Оба – неистовы: но песню Фиделю исполнит именно Че Гевара, поэт и бунтарь, романтик революции, прагматик оружия, и – ловец солнечных созвучий:
Опасен недобитый хищник будет,
Но за тобой пойдут простые люди,
Горды солдатской честною судьбой.
И мы — с тобой!
Мы победим, во что бы то ни стало,
Гавана слышит клич твой боевой.
Дай мне винтовку
И укрытие в скалах,
И больше ничего.
А если нас постигнет неудача,
Мы встретим поражение не плача,
Платком кубинским бережно накроем
Останки воевавших как герои
За честь Америки — она светлей всего:
И больше ничего…
(пер. Е. Долматовского)
Простая и мужественная песня: она держится на искренности порыва, высверке дара, соли стоицизма, отрицание отчаяния; её фундамент – возможность переустройства мира, вечно перекошенного в сторону… Трёх Толстяков…

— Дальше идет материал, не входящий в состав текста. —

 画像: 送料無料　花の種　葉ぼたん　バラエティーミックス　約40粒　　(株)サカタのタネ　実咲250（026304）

Кажется, Че Гевара участвовал во всех революциях: распевал рядом с Гаврошем, стрелял с баррикад подле Рембо…
И Рембо ему – брат бунта.
…есть в поэзии его таинственное волхвование, завораживающее накалом чувств и плетением орнаментов ассоциаций:
Что-то живое хранят твои камни.
Ты — как сестра изумрудным рассветам.
И вот молчание времён первозданных
Вызов бросает могилам и склепам…
Есть ведь в тебе что-то очень живое!
Но я не знаю, что это такое.
Сельва могучим объятьем схватила,
Камни своими корнями обвила,
Храмы, украсив, в престол превратила,
И ты теперь никогда не умрёшь!
(пер. А. Полумордвиновой)
Сельва возникает, играя оттенками, латиноамериканская мощь и дебрь раскрываются в динамитных, сонных, церковных, революционных, любовных объёмах, и Че Гевара, смешивая разное, производит алхимические составы стихов, интересовавших ничуть не меньше революции…

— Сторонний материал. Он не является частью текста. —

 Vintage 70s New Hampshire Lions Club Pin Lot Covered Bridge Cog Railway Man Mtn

Сердце её билось в груди Че.
…метис – яростная смесь: бунт крови против одиночества: и рвутся знамёнами в небо духа строки:
«Я метис», — кричит художник, пишущий в ярких тонах,
«Я метис», — кричат мне затравленные звери,
«Я метис», — вопиют бродячие поэты,
«Я метис», — сообщает человек, находящий меня
От ежедневной боли на каждом углу,
И до каменной тайны мёртвого народа,
Ласкающего девственность золотого дерева:
«Этот метис — смешной ребёнок моей души».
(пер. А. Игнатовой и А. Воиновой)
Ребёнок жил в нём: смеясь, радуясь солнцу, но не плача от неудач.
Глобальная удача невозможна.
Но на пути к ней, световой, рождаются ритмы истины, и выделяется столько высокой энергии, какая и должна определять бытование человека на земле.
Она и определяла жизнь Че: взорвавшего свою реальность ради других, оставившего легенду и песни, образ пламени, и… счастья: пусть мгновенного, разорванного пулями.